Showing posts with label hacking. Show all posts
Showing posts with label hacking. Show all posts

Tuesday, November 27, 2012

How NOT to Recover Quickly From a Hacking Incident

With many determined hackers attempting to hack into websites, getting hacked is almost inevitable. It is not a matter of if but when your website is hacked, so we need a plan on how to get your website back up quickly when it happens. Websites routinely get hacked but they recover quickly. Websites from Nigeria, UAE, Bangladesh, Iran, Sweden and even Switzerland got hacked but they were quick in restoring their services. How they restored their sites was easy, but this piece is not about how their restored their sites. This is about how NOT to recover quickly from a hacking incident in general.

I recommend the following steps so you will NOT recover quickly.

1. DO NOT shut down your site immediately. Why is this important? News of a hacking incident spread fast. It is important that the public sees and confirms that your website is hacked. By not shutting down your site immediately, you show that you still maintain control of the website. You will shut it down when you want to and not because you have to. Also, by NOT shutting down the site, you allow the hacker to further compromise and infect the system. DO NOT mind if he has complete control of the website. He could further harm the system and it’s still not a problem because you DO NOT want to recover quickly.

2. DO NOT backup regularly. Why is this important? Backups that are a few months old mean that you will need tons of efforts to bring them up to date. This favors longer recovery times. You DO NOT want to recover quickly.

3. DO NOT PREPARE A RECOVERY PROCEDURE. Why is this important? You DO NOT want to recover quickly.

4. DO NOT IMMEDIATELY SEEK THE ASSISTANCE OF OTHER PEOPLE IN THE RECOVERY. Why is this important? You DO NOT want to recover quickly.

5. Overwrite your most recent versions with the old backups. Why is this important? Using the most recent version is the fastest way to restore your site. So why shirk away from a challenge? LOSE the recent version by overwriting it with old backups. 

6. Take your time assessing what happened. Why is this important? Take your time but do everything else frantically to make it appear that you’re doing something. You DO NOT want to know what unpatched OS vulnerability or unupdated malware or antivirus caused the hit because  you DO NOT want to know what patches and updates you missed. Ignorance is bliss.

7. DO NOT run antivirus and malware checks on the infected server. Why is this important?
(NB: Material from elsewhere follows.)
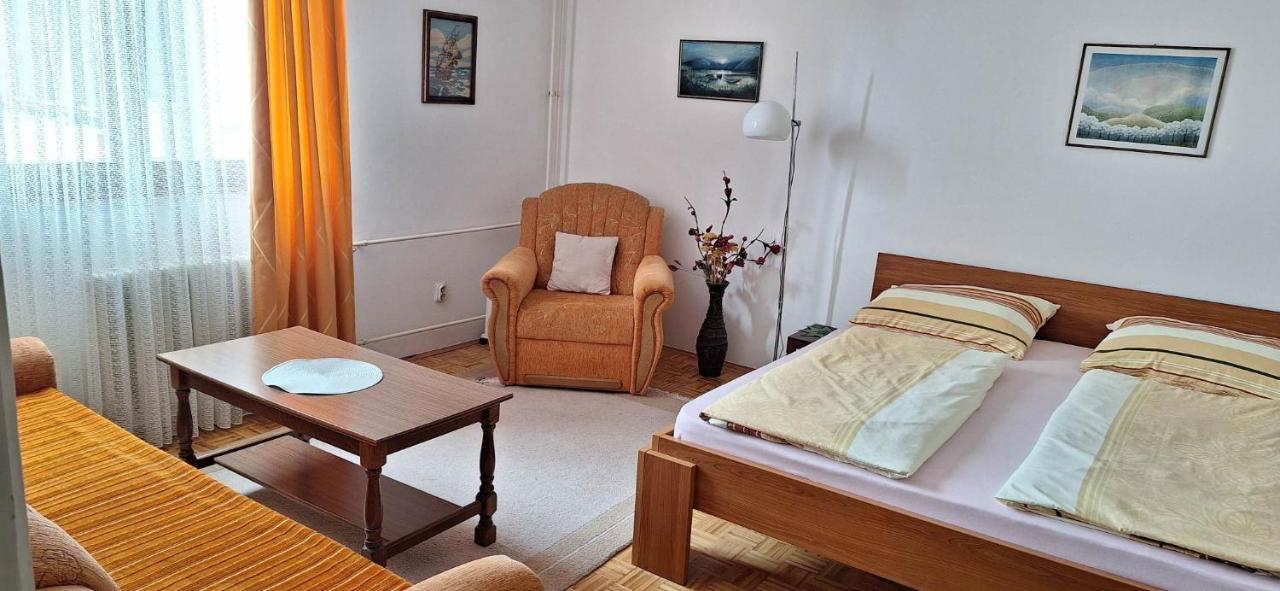 Apartman Una Travnik Eksteriør bilde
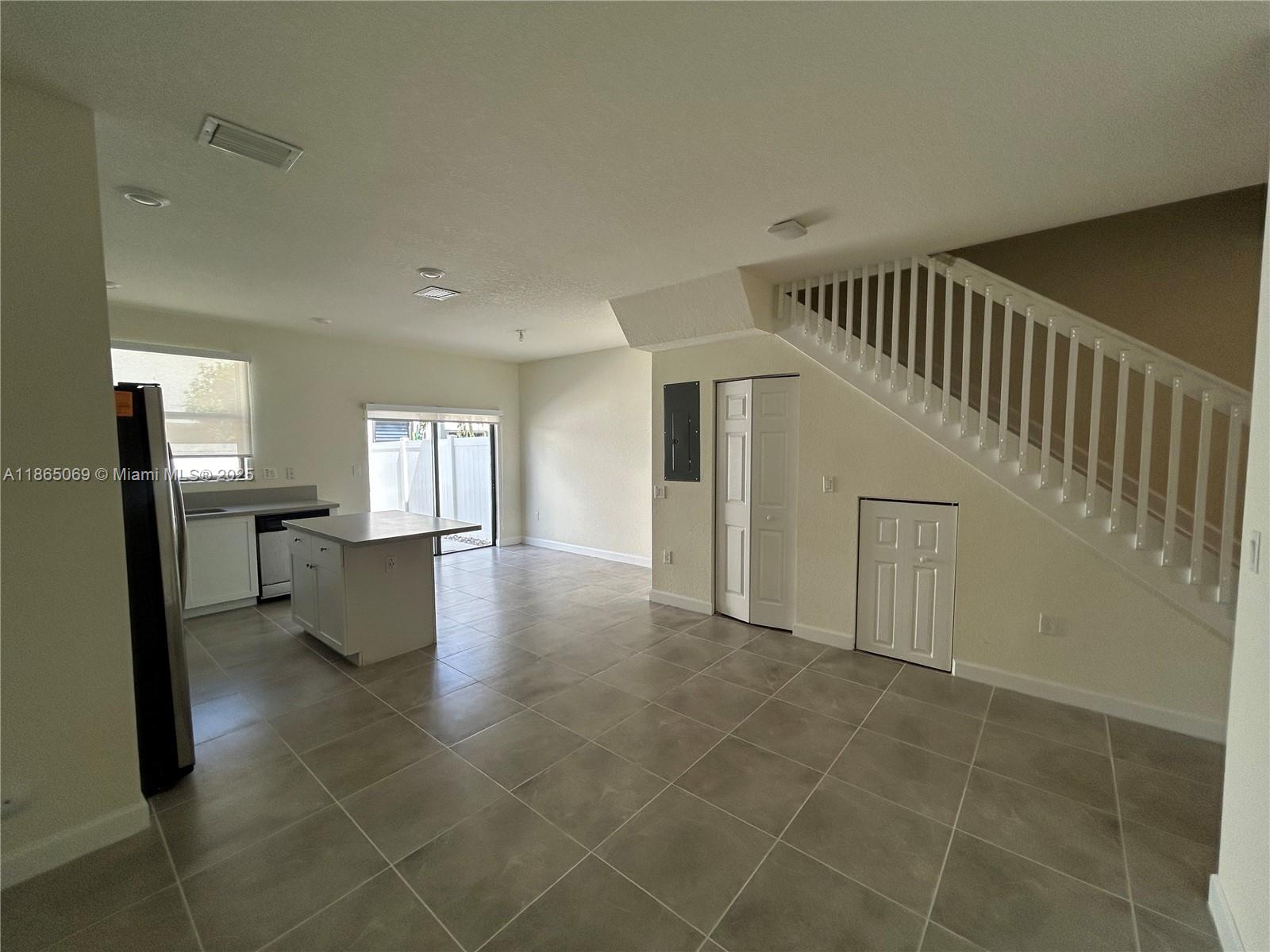 Building Photo - 10622 W 33rd Way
If you know what trojan, backdoor, or virus infected the site, then you can apply the appropriate remedy on your backup sites, but you DO NOT WANT to recover quickly.

8. Prepare to run a deprecated version of your website. Why is this important?  Spread your resources thin by preparing a deprecated version of the website that you will run after a hacking incident. The deprecated website will show the cyberworld that a) you have not recovered from the hacking; b) you have false hopes believe that a deprecated site will not be hacked; and c) you don’t have the confidence to face hacking attempts again (all because you took steps #6 and #7 above).

9. Dilute your resources by focusing on other processes. Why is this important?  Just shortly after a hacking incident is the best time to feign to study how to improve other processes not related to the hacking. This will deflect attention from the missteps prior to and shortly after the incident. This is also the time to blame the OS (even if thousands of sites still use them and the vendor still issues support and patches).